Data provided:
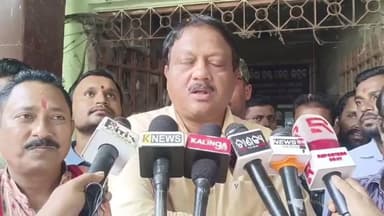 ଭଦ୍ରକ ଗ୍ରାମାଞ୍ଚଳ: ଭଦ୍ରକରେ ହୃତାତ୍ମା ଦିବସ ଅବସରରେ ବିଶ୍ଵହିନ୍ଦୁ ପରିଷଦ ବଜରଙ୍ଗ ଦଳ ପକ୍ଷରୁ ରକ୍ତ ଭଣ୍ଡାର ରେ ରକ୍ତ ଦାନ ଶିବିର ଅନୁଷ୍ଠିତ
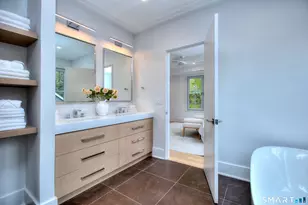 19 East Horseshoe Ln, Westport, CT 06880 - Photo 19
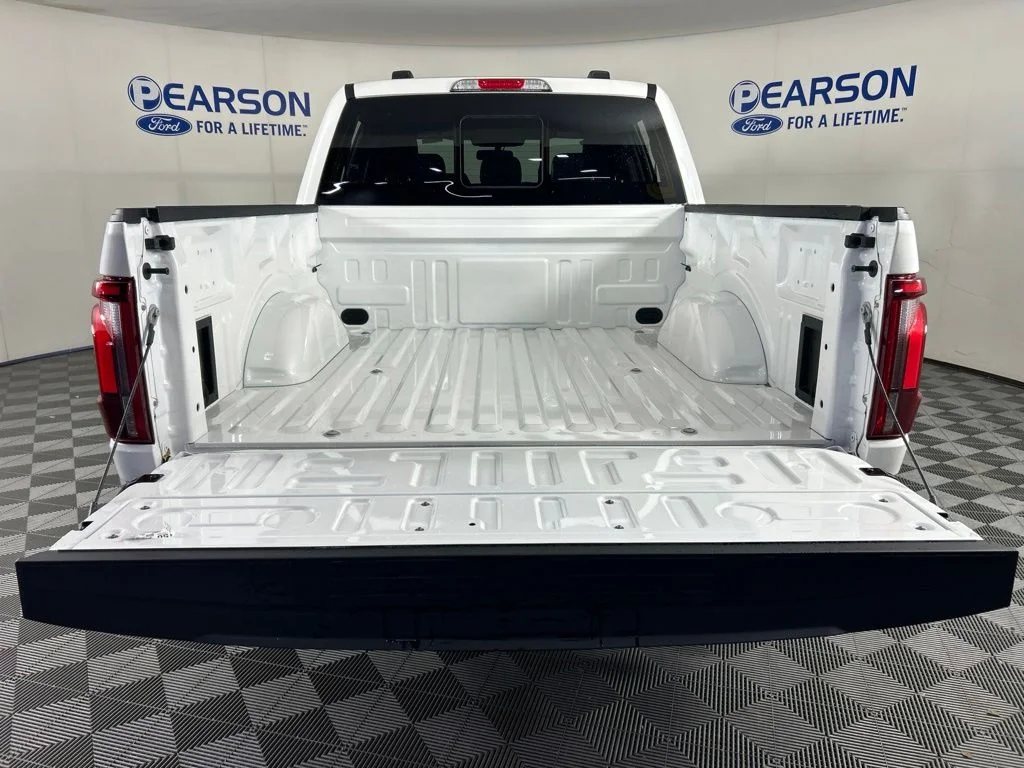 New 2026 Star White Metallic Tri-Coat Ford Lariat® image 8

Problem statement:
Your answer must reproduce exactly the lines from the line with "19 East Horseshoe" through the end of the material, both ends included, with every picture dropped.

Solution for this task:
 19 East Horseshoe Ln, Westport, CT 06880 - Photo 19
 New 2026 Star White Metallic Tri-Coat Ford Lariat® image 8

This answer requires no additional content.